Is this really the spirit of Christmas? No it is not, it is commercialism pure.

Amaryllis

I am especially pleased with my amaryllis. This is the one I managed to revive for a second flowering session this year. I bought it a year ago when it flowered. I thought I was going to lose it. I have a couple of amaryllis which are growing, but this one seemed to have got infested with so-called little flies known as gnats. They would gather on the tiled floor next to the window and I would sweep them away with my mop. There is no big cure it seems. You can put down a bowl of fruit vineagar which attracts them to a wet grave, or the ultimate being repotting. I gave up. I had a look in Internet where it did say their life expectancy was about a week. Anyhow yesterday I had to give my amaryllis water and I put this one, which seemed to be the main culprit, outside in the cold air for an hour.

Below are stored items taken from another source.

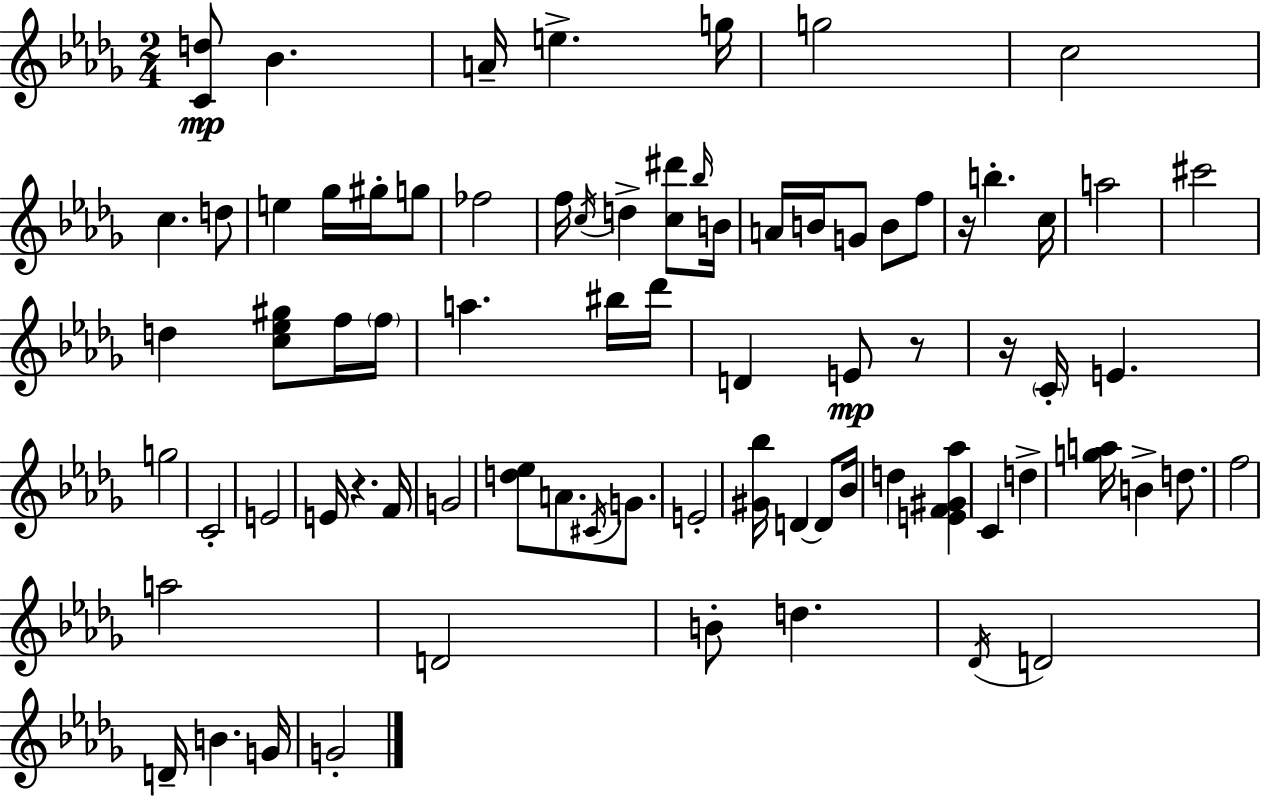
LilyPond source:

{
  \clef treble
  \numericTimeSignature
  \time 2/4
  \key bes \minor
  <c' d''>8\mp bes'4. | a'16-- e''4.-> g''16 | g''2 | c''2 | \break c''4. d''8 | e''4 ges''16 gis''16-. g''8 | fes''2 | f''16 \acciaccatura { c''16 } d''4-> <c'' dis'''>8 | \break \grace { bes''16 } b'16 a'16 b'16 g'8 b'8 | f''8 r16 b''4.-. | c''16 a''2 | cis'''2 | \break d''4 <c'' ees'' gis''>8 | f''16 \parenthesize f''16 a''4. | bis''16 des'''16 d'4 e'8\mp | r8 r16 \parenthesize c'16-. e'4. | \break g''2 | c'2-. | e'2 | e'16 r4. | \break f'16 g'2 | <d'' ees''>8 a'8. \acciaccatura { cis'16 } | g'8. e'2-. | <gis' bes''>16 d'4~~ | \break d'8 bes'16 d''4 <e' f' gis' aes''>4 | c'4 d''4-> | <g'' a''>16 b'4-> | d''8. f''2 | \break a''2 | d'2 | b'8-. d''4. | \acciaccatura { des'16 } d'2 | \break d'16-- b'4. | g'16 g'2-. | \bar "|."
}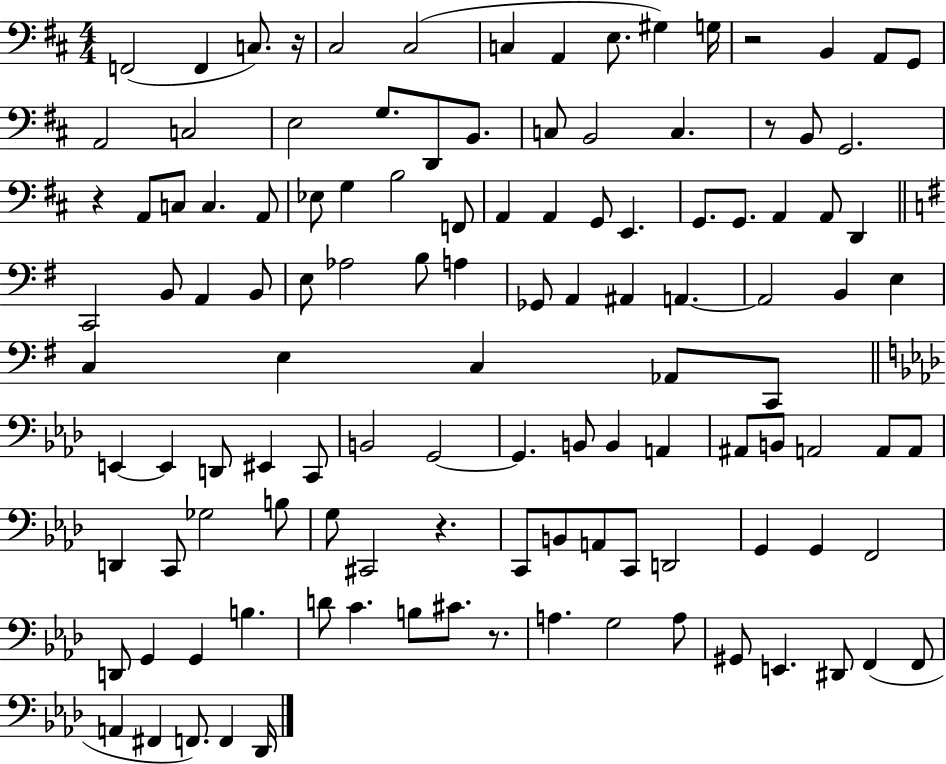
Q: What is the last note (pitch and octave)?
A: Db2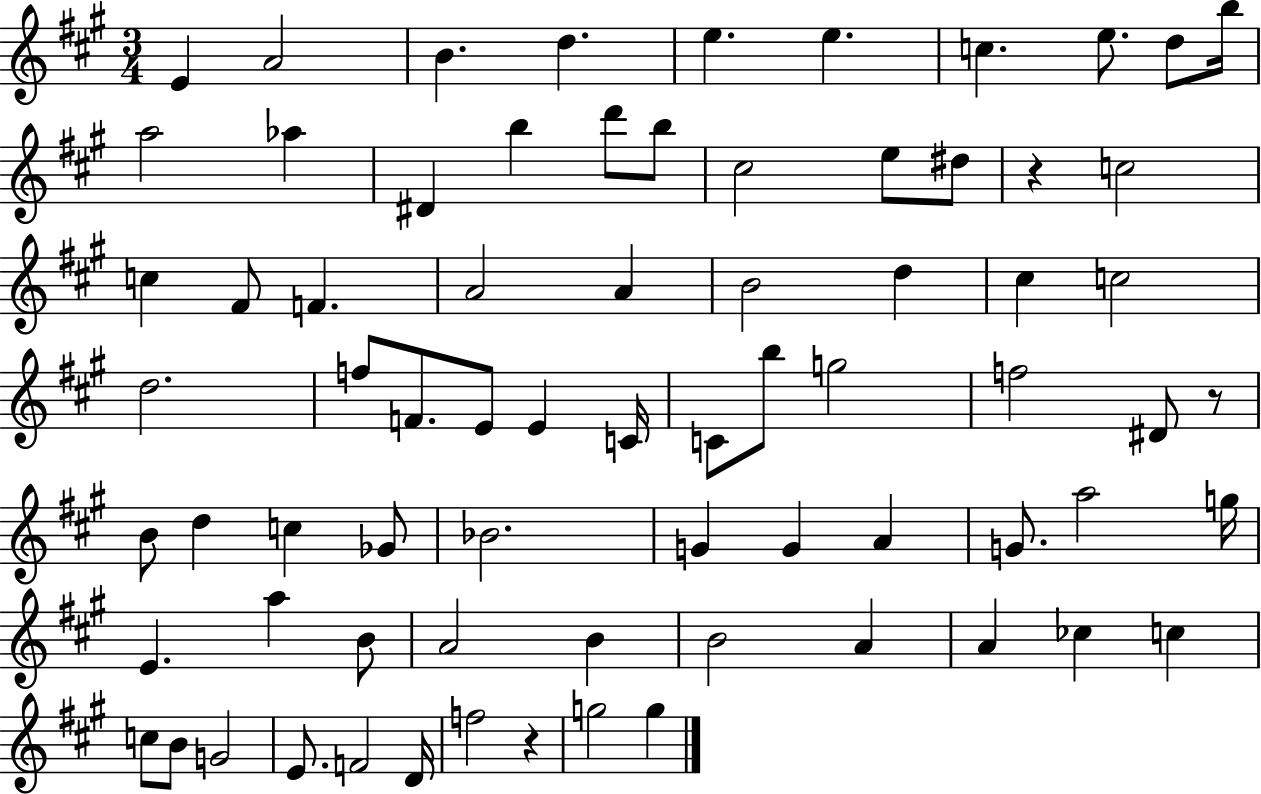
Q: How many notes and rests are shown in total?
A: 73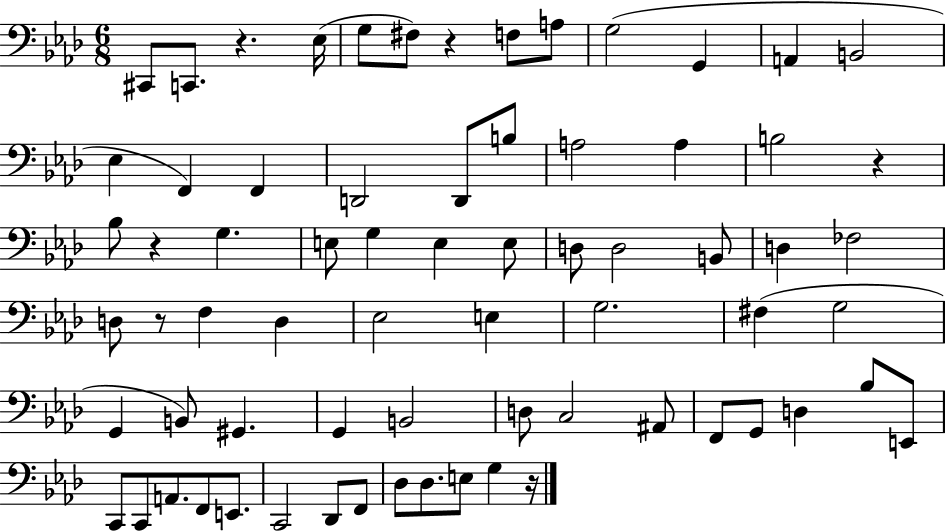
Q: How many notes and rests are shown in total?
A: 70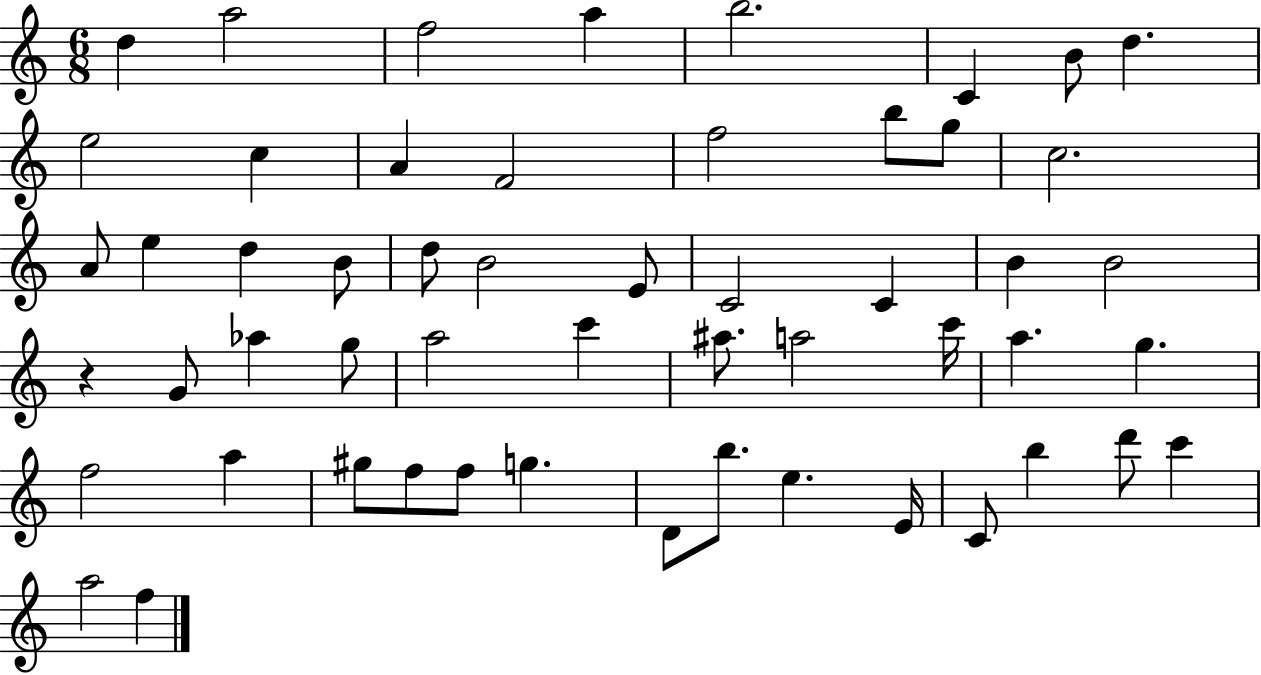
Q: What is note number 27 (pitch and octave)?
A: B4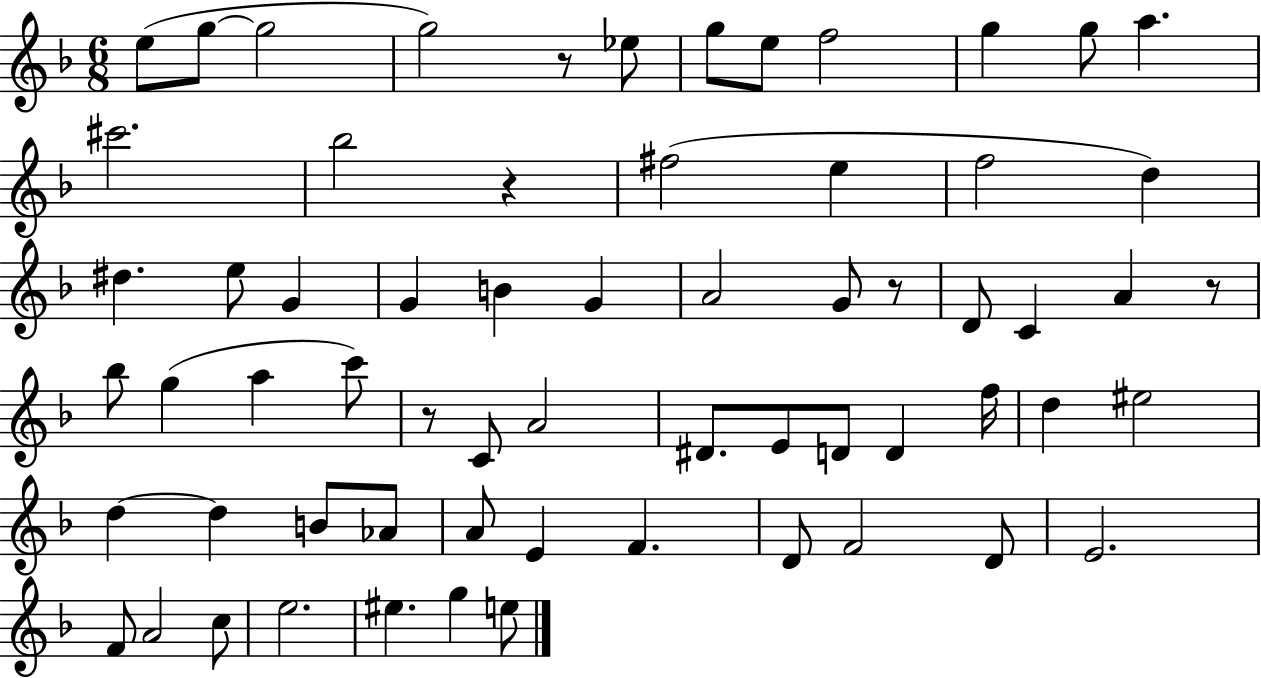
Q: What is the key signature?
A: F major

Either the plant would die, with its gnats or not.

I do not know whether I found the secret gnat demolition tool, but since yesterday I have not seen a single gnat anywhere in my home. They have disappeared (or breeding for the next generation?). At the moment I am satisfied and my amaryllis flowers on. It did lose a large bud in the process, but is making good. I noticed that the stalk is not so long as last year, but it is a neat plant. I am wondering if I will get a second bud appearing as they usually do.

And now to move on to more valuable items, such as taking my vacuum cleaner for a walk, with a mop, and cooking lunch. I am sure you are all now busy celebrating the Christmas stress – Mr. Swiss says I should not be so miserable about Christmas, but he is a man, they see things differently.

I will leave you with a Christmas tree, not mine but one from the supermarket. Christmas trees are not my thing, and I live on the edge of a fir tree forest.